Skip to content

feat: add serial crash-safe mutation recovery#142

Open
gwokhou wants to merge 1 commit into
VectifyAI:mainfrom
gwokhou:pr/serial-mutation-recovery
Open

feat: add serial crash-safe mutation recovery#142
gwokhou wants to merge 1 commit into
VectifyAI:mainfrom
gwokhou:pr/serial-mutation-recovery

Conversation

@gwokhou

@gwokhou gwokhou commented Jun 26, 2026

Copy link
Copy Markdown
Contributor

TL;DR

This PR makes document import fail more cleanly.

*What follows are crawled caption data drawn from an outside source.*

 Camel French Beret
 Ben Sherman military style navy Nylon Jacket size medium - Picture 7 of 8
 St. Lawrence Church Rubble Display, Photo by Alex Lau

If openkb add is interrupted or errors halfway through, OpenKB should no longer leave half-written KB files behind; it can recover the previous stable state before accepting the next mutation.

Summary

Adds crash-safe mutation recovery for serial KB mutations without bringing back the concurrent add pipeline from #104.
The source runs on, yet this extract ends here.